Specifying the maximum number of tables the crawler is allowed to create
You can optionally specify the maximum number of tables the crawler is allowed to create by specifying a TableThreshold
via the Amazon Glue console or Amazon CLI.
If the tables detected by the crawler during its crawl is greater that this input value, the crawl fails and no data is written to the Data Catalog.
This parameter is useful when the tables that would be detected and created by the crawler are much greater more than what you expect. There can be multiple reasons for this, such as:
When using an Amazon Glue job to populate your Amazon S3 locations you can end up with empty files at the same level as a folder.

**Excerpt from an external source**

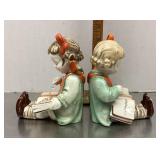 Vintage ceramic child reader bookends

In such cases when you run a crawler on this Amazon S3 location, the crawler creates multiple tables due to files and folders present at the same level.
If you do not configure
"TableGroupingPolicy": "CombineCompatibleSchemas"
you may end up with more tables than expected.

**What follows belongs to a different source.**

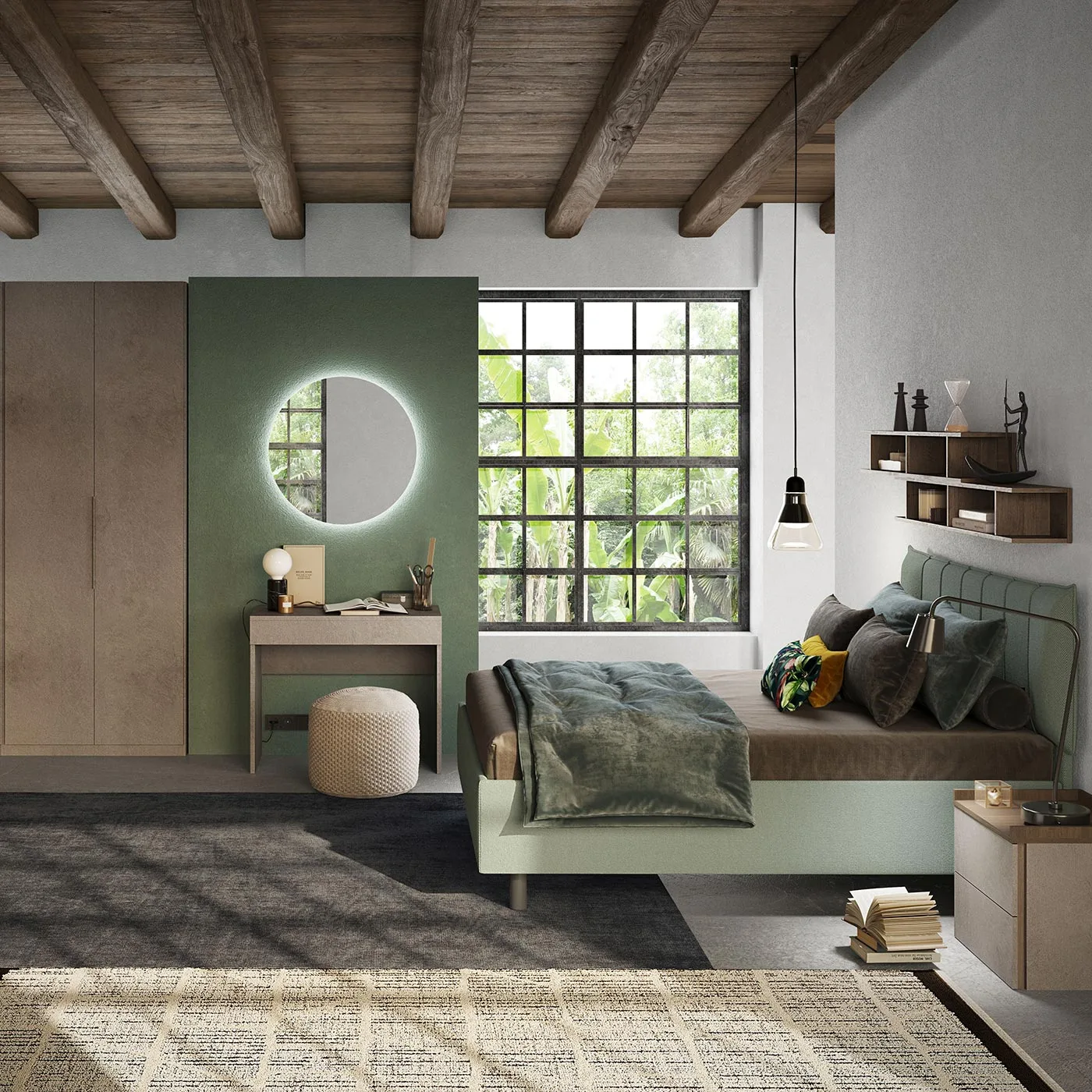 camera bronzo e verde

You specify the TableThreshold
as an integer value greater than 0. This value is configured on a per crawler basis. That is, for every crawl this value is considered. For example: a crawler has the TableThreshold
value set as 5. In each crawl Amazon Glue compares the number of tables detected with this table threshold value (5) and if the number of tables detected is less than 5, Amazon Glue writes the tables to the Data Catalog and if not, the crawl fails without writing to the Data Catalog.
Error messages are logged to help you identify table paths and clean-up your data. Example log in your account if the crawler fails because the table count was greater than table threshold value provided:
Table Threshold value = 28, Tables detected - 29
In CloudWatch, we log all table locations detected as an INFO message. An error is logged as the reason for the failure.

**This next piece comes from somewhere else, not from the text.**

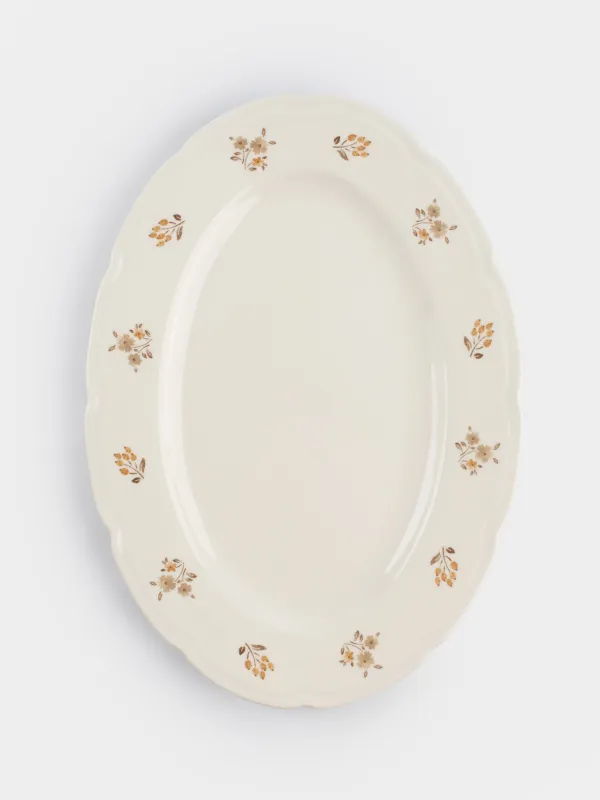 Dish, 35x25 cm, porcelain N, white, oval, Vintage flowers, La flore, image-2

ERROR com.amazonaws.services.glue.customerLogs.CustomerLogService - CustomerLogService received CustomerFacingException with message The number of tables detected by crawler: 29 is greater than the table threshold value provided: 28. Failing crawler without writing to Data Catalog. com.amazonaws.services.glue.exceptions.CustomerFacingInternalException: The number of tables detected by crawler: 29 is greater than the table threshold value provided: 28. Failing crawler without writing to Data Catalog.